A 2 gallon carboy is much better than a 5 gallon carboy with that small of a volume of juice. When I brew beer, I run everything from the BK into the fermenter through a set of paint filters so very little trub (hot break and cold break) gets into my fermenter.
Cider is kind of a different animal; only if your current gravity is above 1.030 will it be safe to use a strainer and get some fresh air into your must. If C.G. is less than 1.030 then you need to make a decision... you purchased fresh pressed juice with the natural sediment in it, and I am sure you would like to keep the complexities of the fresh pressed juice. If you don't do some kind of straining/filtering you are going to lose at least 1/2 of your cider by the looks of it.
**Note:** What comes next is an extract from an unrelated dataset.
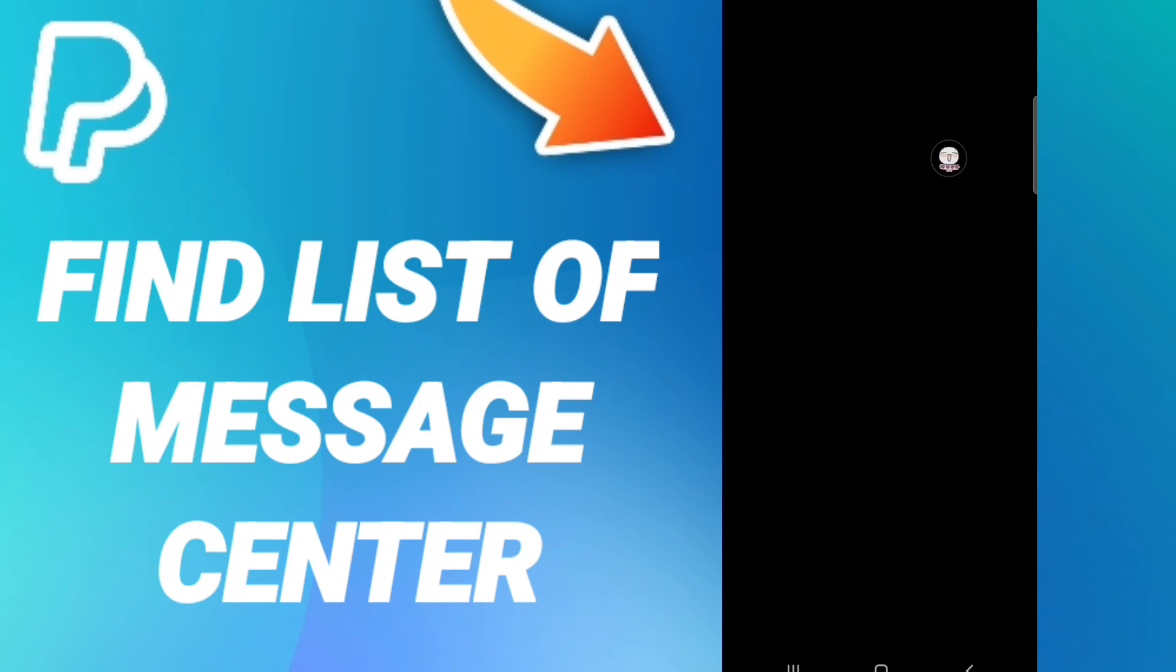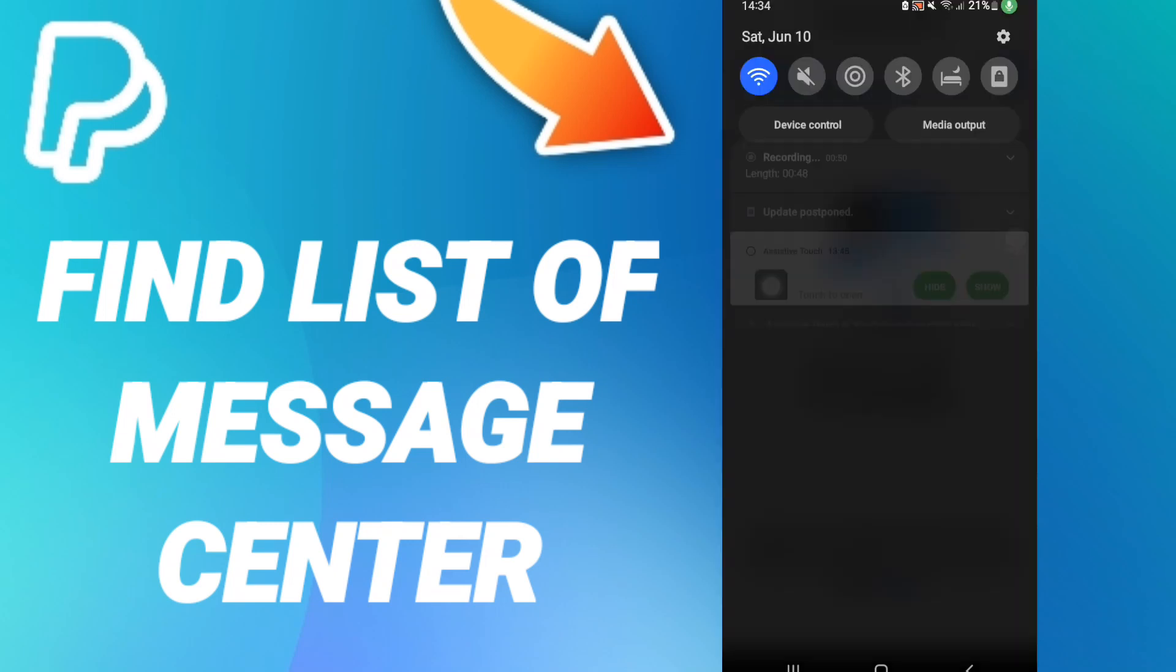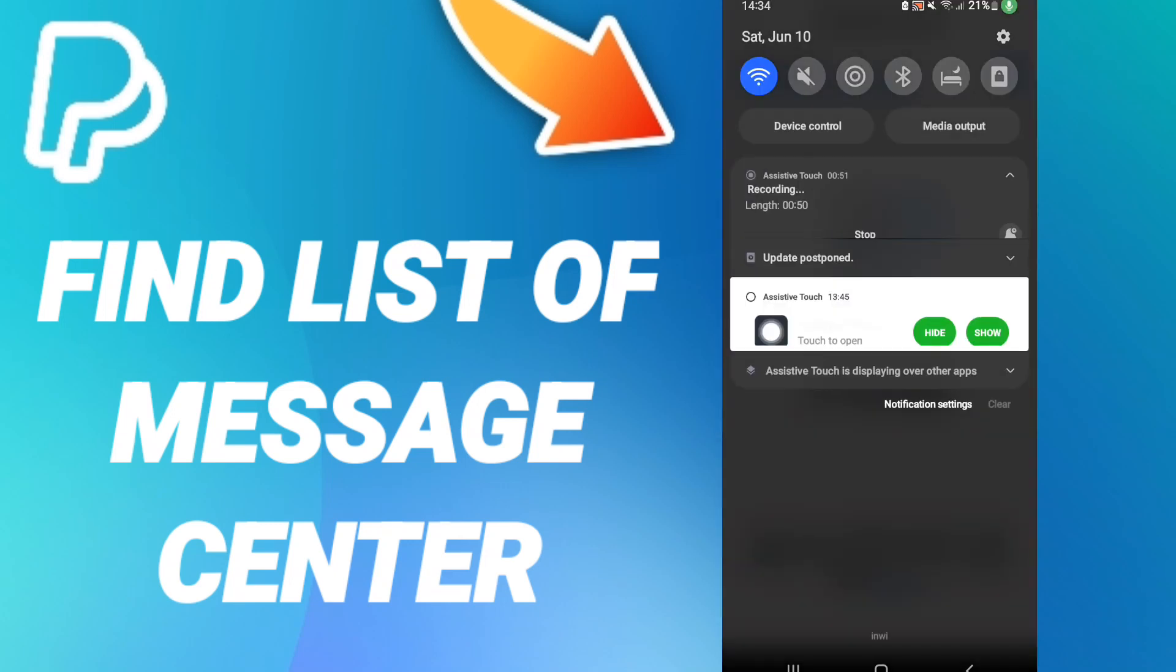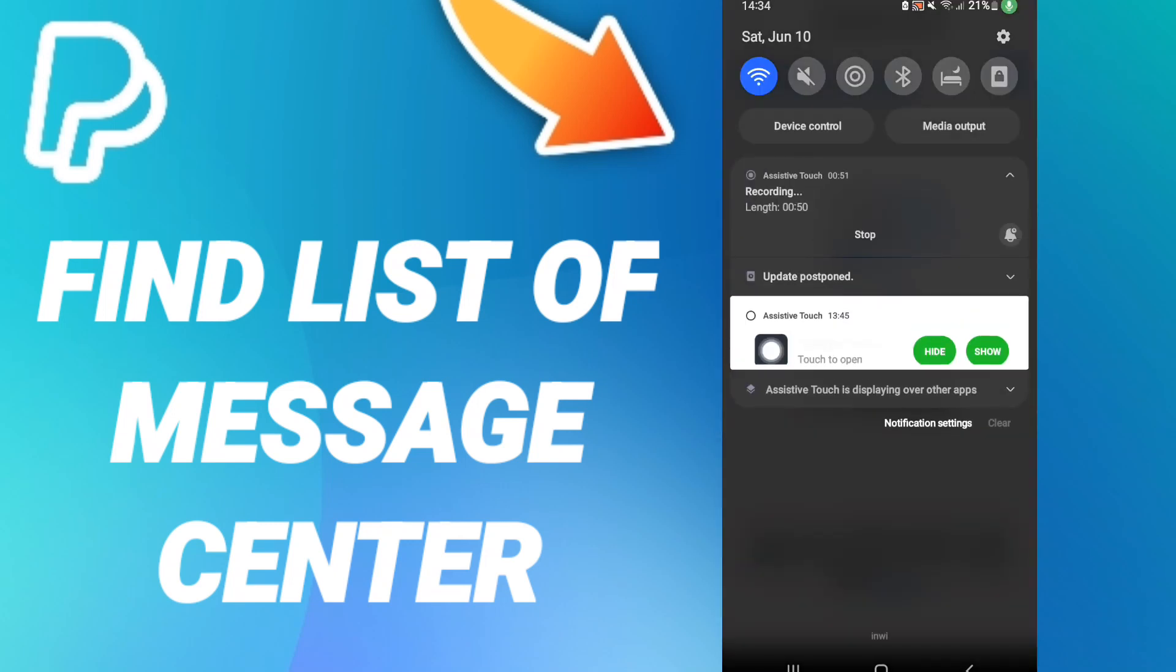That's how to find the list of message center on the application of PayPal. Please don't forget to support us by like and subscribe. See you next time in another video and thank you for your attention.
You can wait until fermentation is complete and the cider has cleared and then siphon it into a smallest container it will fit into (1 gallon jug or so) and top up with fresh (clear) juice to eliminate head space. The small amount of fermentable sugar in the top up juice won't affect anything greatly. I have never used campden tabs before but there are many cider/wine makers that swear by their use.
 
Add the pectin enzyme and 24 hrs later pour thru a (clean) cotton cloth. Most of the slurry will be left behind.